BEGIN LISTED ENTRIES

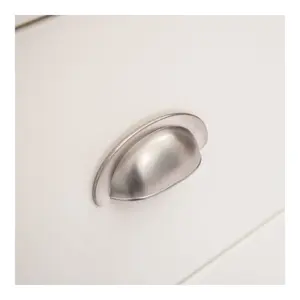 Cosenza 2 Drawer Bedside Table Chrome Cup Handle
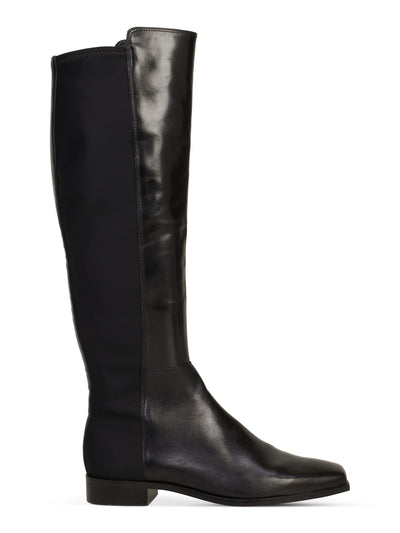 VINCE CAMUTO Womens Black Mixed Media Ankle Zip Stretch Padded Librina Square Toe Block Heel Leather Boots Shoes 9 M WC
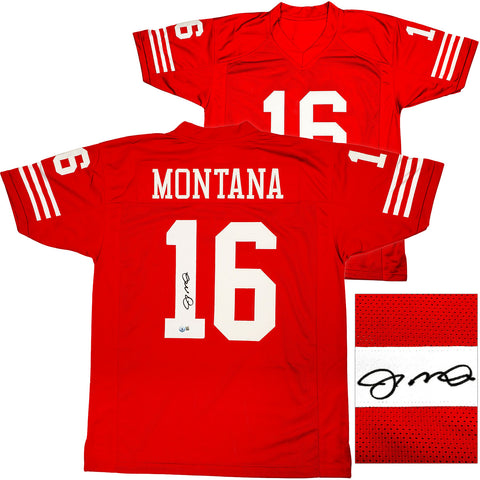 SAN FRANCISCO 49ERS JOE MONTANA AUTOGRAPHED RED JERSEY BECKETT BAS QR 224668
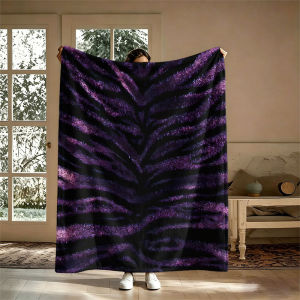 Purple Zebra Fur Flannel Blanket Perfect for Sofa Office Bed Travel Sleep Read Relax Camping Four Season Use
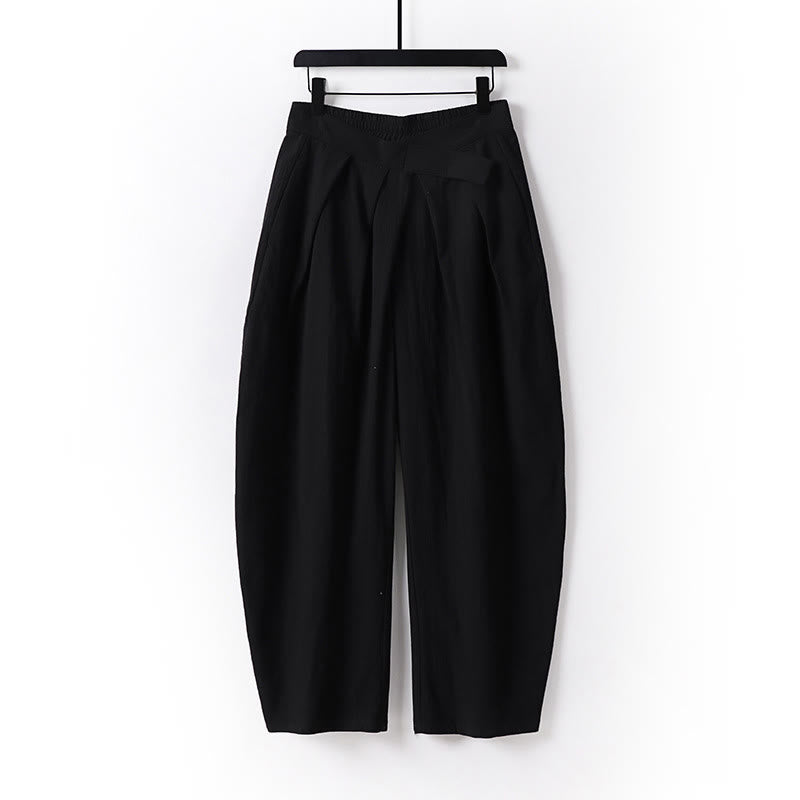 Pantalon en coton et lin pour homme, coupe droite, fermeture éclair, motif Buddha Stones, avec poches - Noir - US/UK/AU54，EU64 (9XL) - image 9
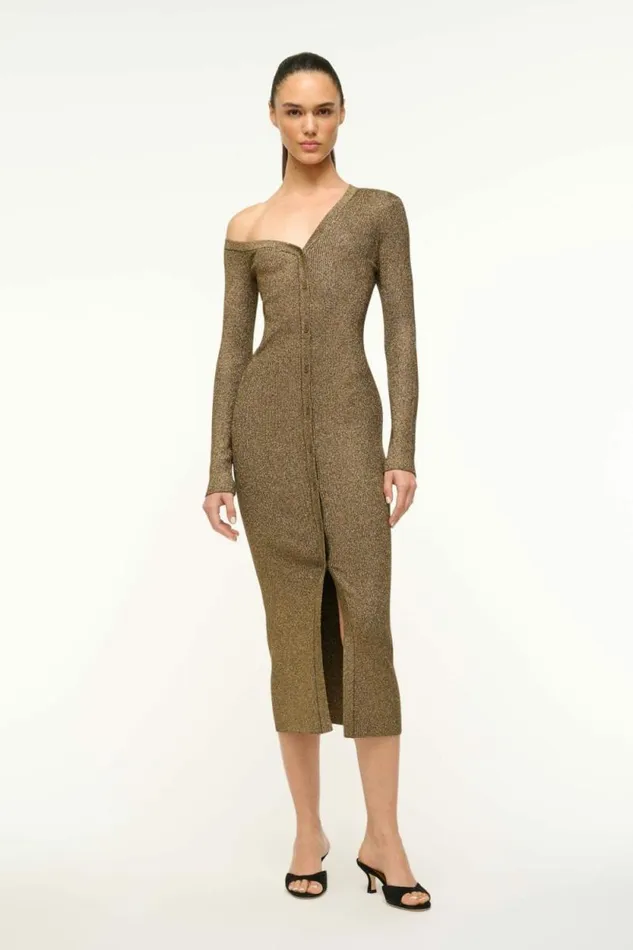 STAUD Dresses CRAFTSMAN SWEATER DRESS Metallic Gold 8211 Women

END LISTED ENTRIES
BEGIN LISTED ENTRIES

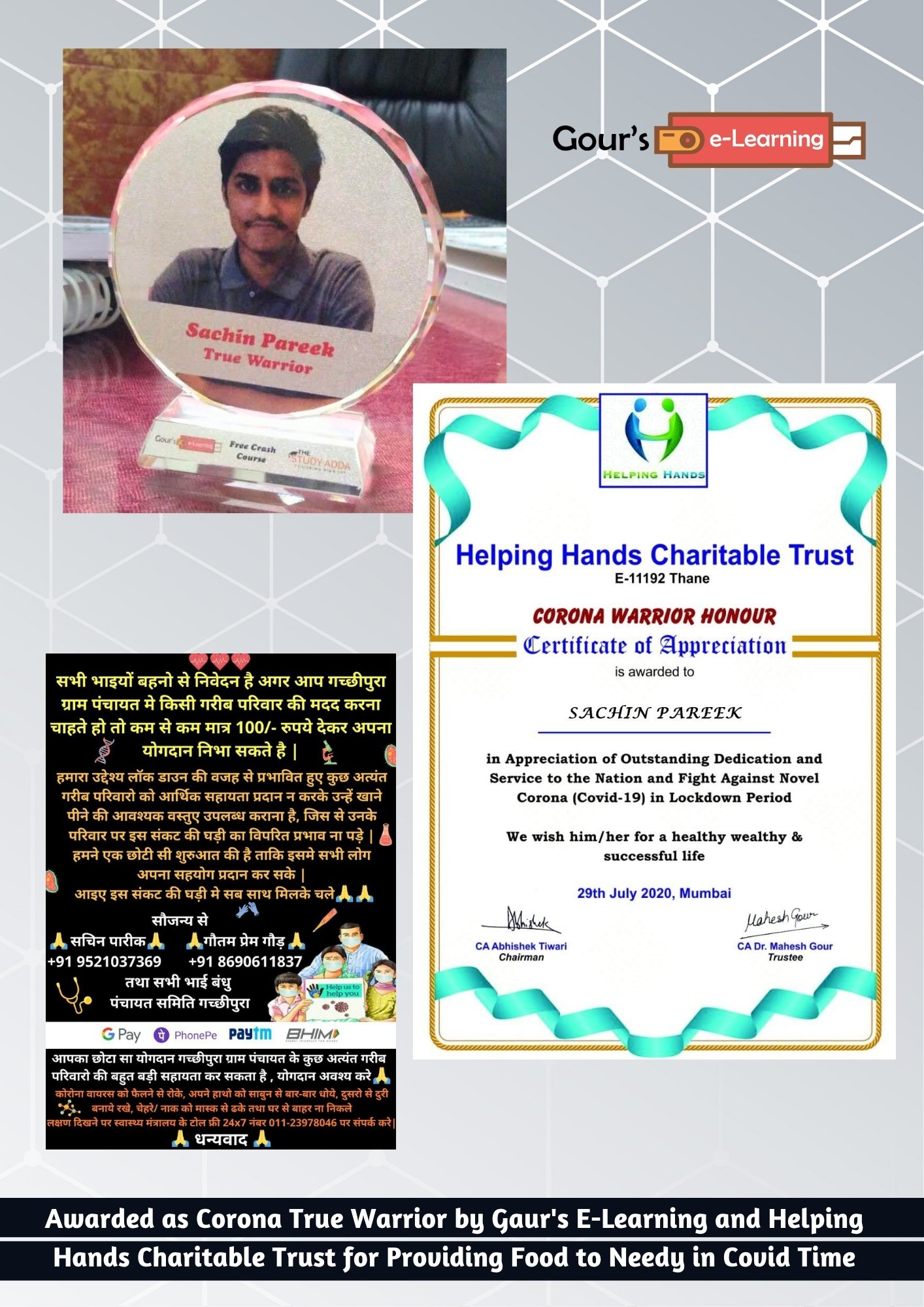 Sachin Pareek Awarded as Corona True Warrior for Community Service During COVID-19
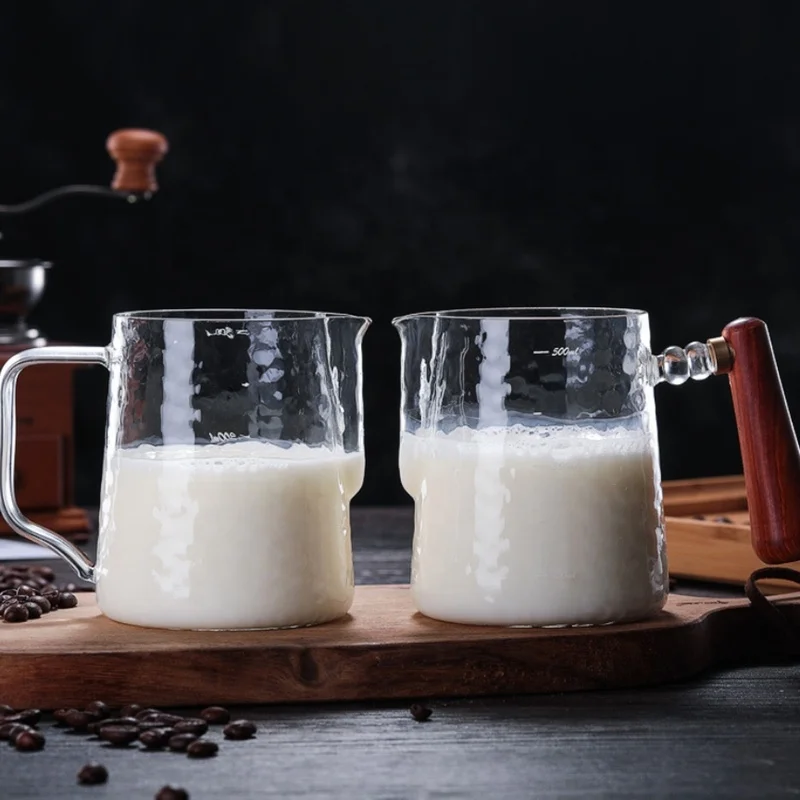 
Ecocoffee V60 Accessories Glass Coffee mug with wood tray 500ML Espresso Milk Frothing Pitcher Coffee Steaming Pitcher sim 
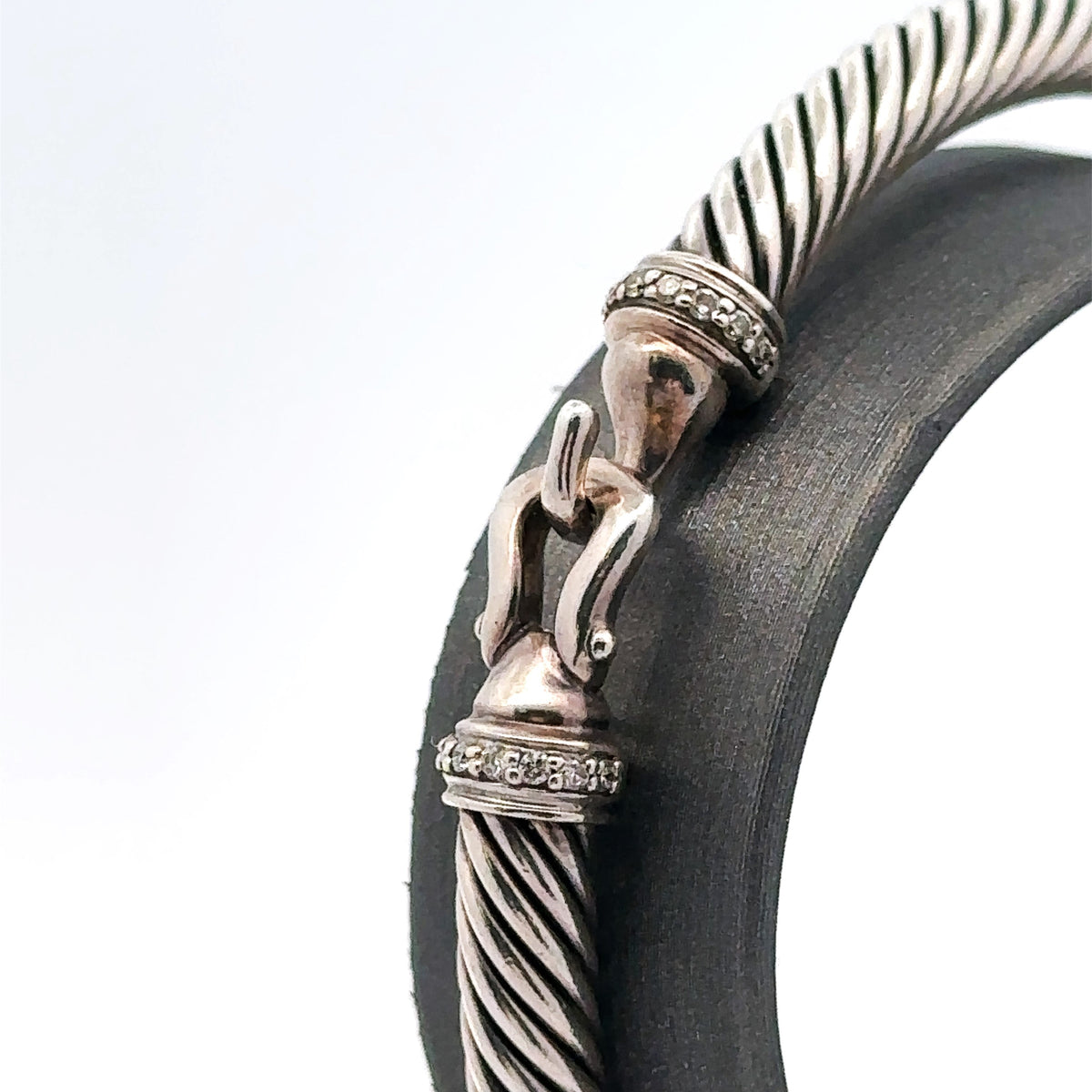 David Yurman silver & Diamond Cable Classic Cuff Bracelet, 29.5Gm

END LISTED ENTRIES

EXERCISE GOAL
Only one stretch of the listing above is to be duplicated: the lines from the one containing "Pantalon en coton" through the one containing "STAUD Dresses CRAFTSMAN", both included. Copy them exactly, minus the pictures.

ANSWER SECTION
 Pantalon en coton et lin pour homme, coupe droite, fermeture éclair, motif Buddha Stones, avec poches - Noir - US/UK/AU54，EU64 (9XL) - image 9
 STAUD Dresses CRAFTSMAN SWEATER DRESS Metallic Gold 8211 Women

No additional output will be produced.